An interesting aspect to the love affair is the third component and narrator, the caddish-sounding villain Bruce Bennett-Jones. We’re told early on in the narrative that Bruce has made up the backstories of the characters based on his distant observations of the couple. Perhaps Bruce’s salivating view of the two excuses how distant and often unsympathetic both lovers are, but the narrative dips in and out of this malevolent edge to glaze it all with the nostalgia for being as downright horny as teenagers.
Eren’s style does capture the earnestness and darkness of young relationships with a keen eye. A supporting character is caught in the cyclic malice of an abusive relationship and the threat of sexual assault lingers around Aviva. Sex has dark consequences and the narrative is constructed in a way that makes losing virginity quasi-metaphysical and certainly transcends any idea of social labels. Eren’s prose goes heavy on the atmosphere and melodrama to make the corridors of the boarding school oppressed with sexual tension. A surprising lack of dialogue for a high school novel adds to the self-absorption and the fixation on privacy: Aviva and Seung are regularly berated for exhibiting their intimacy that seems to fog up every surface near them.

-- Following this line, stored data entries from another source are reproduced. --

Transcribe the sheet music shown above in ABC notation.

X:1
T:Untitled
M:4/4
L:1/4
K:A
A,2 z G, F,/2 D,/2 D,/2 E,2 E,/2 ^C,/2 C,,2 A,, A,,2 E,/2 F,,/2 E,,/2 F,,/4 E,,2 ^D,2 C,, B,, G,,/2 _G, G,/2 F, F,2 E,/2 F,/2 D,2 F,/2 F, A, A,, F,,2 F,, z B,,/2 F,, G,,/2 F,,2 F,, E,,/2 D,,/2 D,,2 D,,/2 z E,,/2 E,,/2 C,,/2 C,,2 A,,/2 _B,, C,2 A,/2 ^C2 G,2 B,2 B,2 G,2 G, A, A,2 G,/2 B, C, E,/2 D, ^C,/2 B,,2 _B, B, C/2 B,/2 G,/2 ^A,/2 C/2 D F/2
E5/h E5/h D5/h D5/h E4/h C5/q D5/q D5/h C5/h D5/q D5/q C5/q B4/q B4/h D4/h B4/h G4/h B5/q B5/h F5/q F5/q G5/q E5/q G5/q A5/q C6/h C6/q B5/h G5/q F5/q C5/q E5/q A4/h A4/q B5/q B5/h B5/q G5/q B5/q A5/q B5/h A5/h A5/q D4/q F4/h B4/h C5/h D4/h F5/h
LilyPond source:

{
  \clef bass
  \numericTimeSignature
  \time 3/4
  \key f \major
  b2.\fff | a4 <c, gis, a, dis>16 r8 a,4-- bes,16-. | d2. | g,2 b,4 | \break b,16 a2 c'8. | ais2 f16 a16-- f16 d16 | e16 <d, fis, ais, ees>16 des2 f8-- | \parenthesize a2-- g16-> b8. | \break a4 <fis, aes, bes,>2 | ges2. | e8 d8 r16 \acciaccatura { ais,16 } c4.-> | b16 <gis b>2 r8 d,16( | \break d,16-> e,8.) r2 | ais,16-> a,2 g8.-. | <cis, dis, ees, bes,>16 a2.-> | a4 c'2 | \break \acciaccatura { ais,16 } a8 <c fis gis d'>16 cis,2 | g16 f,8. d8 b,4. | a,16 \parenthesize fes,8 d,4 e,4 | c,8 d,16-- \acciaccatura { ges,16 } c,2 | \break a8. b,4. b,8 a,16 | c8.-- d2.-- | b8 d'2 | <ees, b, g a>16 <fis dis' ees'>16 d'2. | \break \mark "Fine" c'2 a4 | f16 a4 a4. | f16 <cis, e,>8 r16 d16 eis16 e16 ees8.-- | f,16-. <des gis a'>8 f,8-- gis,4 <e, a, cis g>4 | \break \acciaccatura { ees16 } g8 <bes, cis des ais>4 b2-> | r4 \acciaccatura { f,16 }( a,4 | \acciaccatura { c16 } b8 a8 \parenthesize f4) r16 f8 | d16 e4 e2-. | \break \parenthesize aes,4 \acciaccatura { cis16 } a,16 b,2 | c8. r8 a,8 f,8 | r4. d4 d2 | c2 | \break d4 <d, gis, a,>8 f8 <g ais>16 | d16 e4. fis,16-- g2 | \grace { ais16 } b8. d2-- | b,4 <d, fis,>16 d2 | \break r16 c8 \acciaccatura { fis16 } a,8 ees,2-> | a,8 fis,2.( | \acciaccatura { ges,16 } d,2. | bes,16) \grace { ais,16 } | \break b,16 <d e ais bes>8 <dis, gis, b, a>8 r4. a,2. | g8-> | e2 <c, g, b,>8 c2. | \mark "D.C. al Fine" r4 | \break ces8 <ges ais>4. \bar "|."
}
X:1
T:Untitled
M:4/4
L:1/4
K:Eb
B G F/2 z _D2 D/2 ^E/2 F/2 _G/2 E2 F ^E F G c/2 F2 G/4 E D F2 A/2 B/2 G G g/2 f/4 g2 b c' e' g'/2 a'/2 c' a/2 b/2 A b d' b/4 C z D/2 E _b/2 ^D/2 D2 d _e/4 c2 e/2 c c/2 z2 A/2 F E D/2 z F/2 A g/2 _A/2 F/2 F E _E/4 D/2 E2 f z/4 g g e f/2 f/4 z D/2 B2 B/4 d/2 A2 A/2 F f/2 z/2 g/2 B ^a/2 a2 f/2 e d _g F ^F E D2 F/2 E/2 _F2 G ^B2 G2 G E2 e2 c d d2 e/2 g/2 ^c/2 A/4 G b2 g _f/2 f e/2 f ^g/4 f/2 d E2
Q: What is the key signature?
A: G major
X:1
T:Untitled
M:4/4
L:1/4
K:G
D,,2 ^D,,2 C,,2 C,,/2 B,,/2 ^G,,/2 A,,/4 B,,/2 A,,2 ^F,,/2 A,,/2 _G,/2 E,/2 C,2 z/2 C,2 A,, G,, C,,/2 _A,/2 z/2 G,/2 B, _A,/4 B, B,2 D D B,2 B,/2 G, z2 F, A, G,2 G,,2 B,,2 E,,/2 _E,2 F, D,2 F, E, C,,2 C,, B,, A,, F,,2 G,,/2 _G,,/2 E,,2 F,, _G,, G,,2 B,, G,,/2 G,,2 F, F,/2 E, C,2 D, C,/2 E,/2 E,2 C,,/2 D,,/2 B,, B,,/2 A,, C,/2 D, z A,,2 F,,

Obviously, both of the lovers have a tough time with their parents and Erens uses every angle she can to make the characters seems complex and wise beyond their years. Aviva’s attractive level of bookish depression and Seung’s masculine athleticism and fondness for drugs make them the perfect sexy couple intended to be desired by and not alienate adolescent readers.
The narrative structure, alert with the male gaze and a few nice hints at the climax, does liven up the story that offers little fresh insight into how virginity is viewed. The sort-of aims of literary style does have a faint echo of Donna Tart’s The Secret History and the level of sexiness throughout definitely makes this enjoyable for young adults. The Virgins revels in its obsession with sex and relationships that would make it the envy of other coming of age dramas and falls into teenage indulgence with wild abandon.